Excerpt from my journal….

The full moon was last night and it was raining, so I did my full moon ritual in the garage facing east. Releasing with the moon was a highly energetic and beautiful experience.

This morning when I awoke I found myself refreshed, renewed and still. I know that I have a decision to make, I have many actually. I need time to be still, to reflect and to simply be. I have asked for all of this. So it is time to be honest and truth with myself; to listen to my heart and to my soul.

The time of change and re-birth are upon us, and it has been for quite some time. With this season of transformation it brings with it a certain beauty. For myself, I felt the breeze dancing across my face, calling me to invite it in, and I’ve don’t just that. I needed to be cleansed, and in many ways I needed to die; for without death I could have never emerged this beautiful human; whose reflection is looking back at me.

Most fear death because they do not see the beauty that lies within it. That is the way of ego; blinded by fear rather than being liberated by it. I know my transformation has begun, and I have embrace it. I have seen first-hand the beauty that lies within my darkness. This full moon I have asked for many things to be released but the most important is that I have ask to release from subconscious blockages.
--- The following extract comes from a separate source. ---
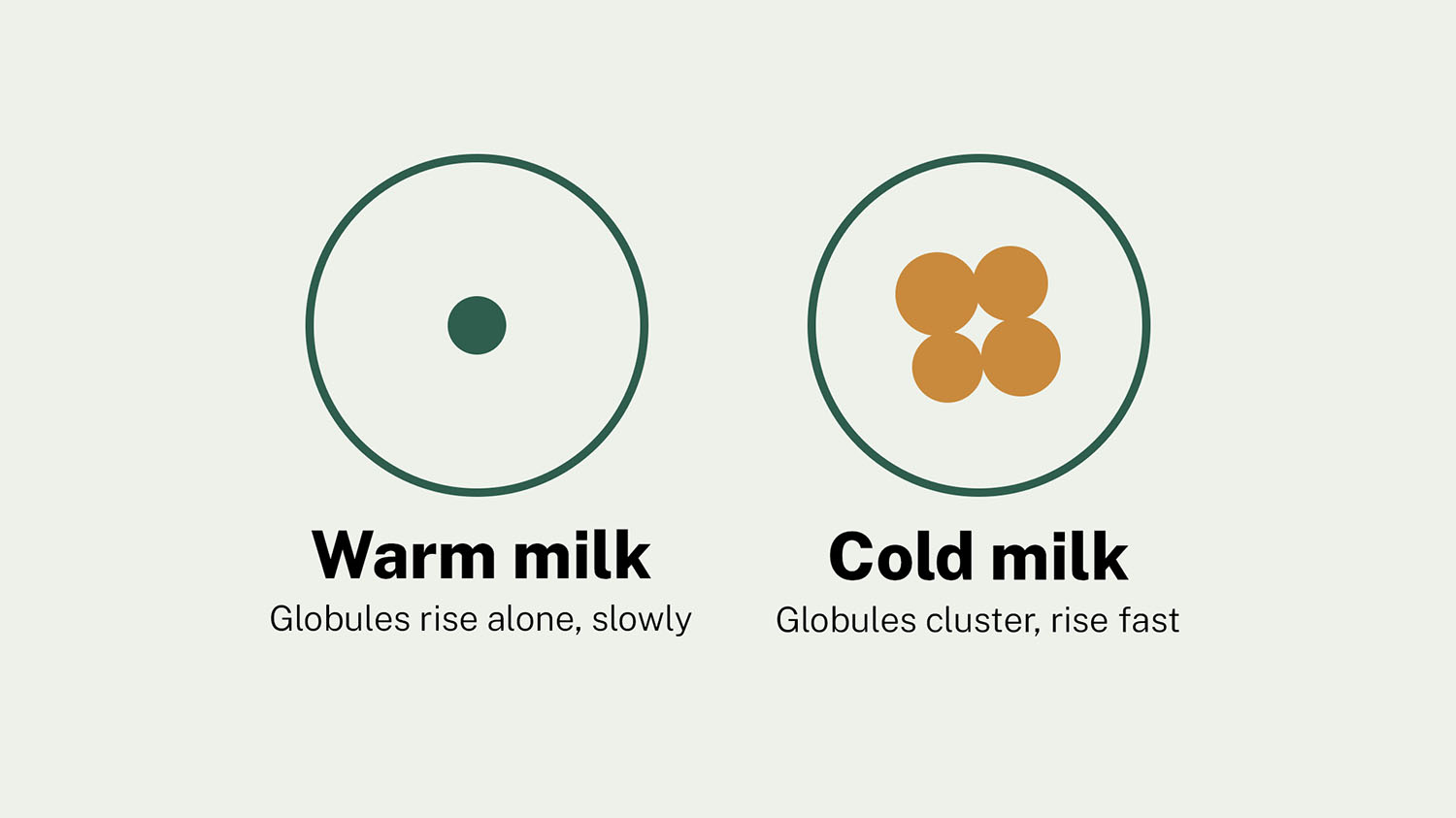 Illustration contrasting single fat globules rising slowly in warm milk with fat globules clustered together and rising quickly in cold milk due to cold agglutination.
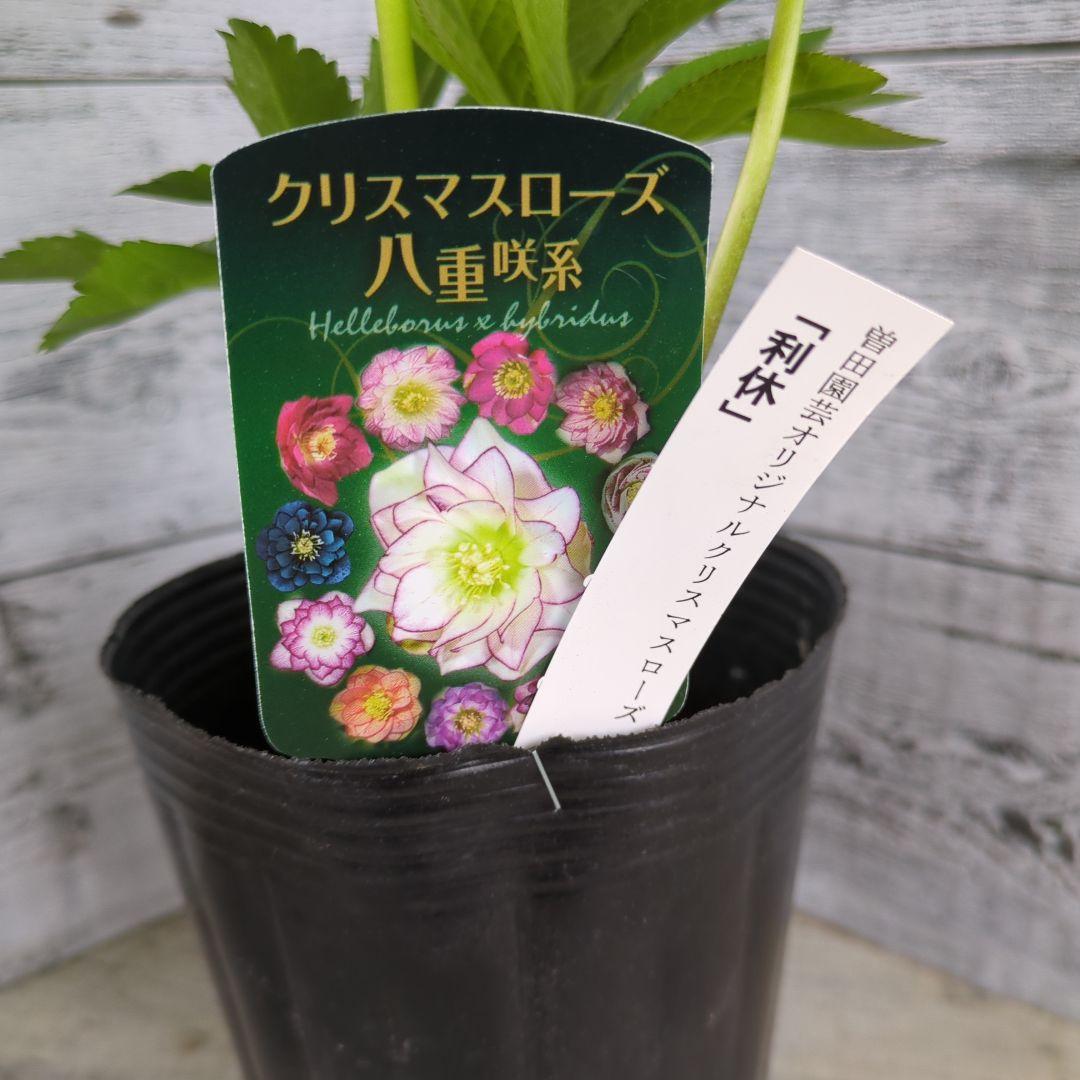 【現品・ポットまま発送】超希少　花付き　曽田園芸クリスマスローズ 利休⑤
The things we aren’t even aware of, this is what hinders me the most. Acting in old patterns and ways of being that no longer serve me.

This is my time to love myself, to give myself the love and light that I shine to others. This journey is still in its infancy but it has transformed my views, and my life in such a beautiful way. I understand now that you must be kind and gentle with yourself; forgive yourself when things go wrong (which they will) and celebrate when they go right (which they will). Life is hard enough, we don’t need to make it more difficult by being hard on ourselves.

Social media has lost my interest over the past few days. I work rather hard on staying in this place of stillness and peacefulness and every time I get on social media it is ripped away from me (and rather quickly I might add). So I may be taking a well-earned break from all the non-sense of social media for a while. It may be just another step in my evolution.

Seeing my future, feeling it, living it in my dreams has made this process even more the learning experience. Connecting with other souls that reside in the same light as I, has changed my life. These souls (of which most I have not met in the physical) have taught me and shown me so much about myself and my life; all the things I desire to have all that which I chose not to have. Life is such a precious gift that should be lived, experienced and enjoyed (without mindless distractions).

I have learned so much this year, and there is more to go. I have been awoken to this new sense of awareness and gratitude.  My mind is clear, and my heart is open. I no longer need love from another (but remain open and ready when it does find its way to me), because I have found it for myself. I have been listening and trusting myself more and now watch miracles manifest right in front of my eyes.

This life is too beautiful of a gift to waste even a second of it. Be happy, shine your light. Care about yourself more and others less This is your life take the wheel.

 

The winds of change are blowing, can you feel them!?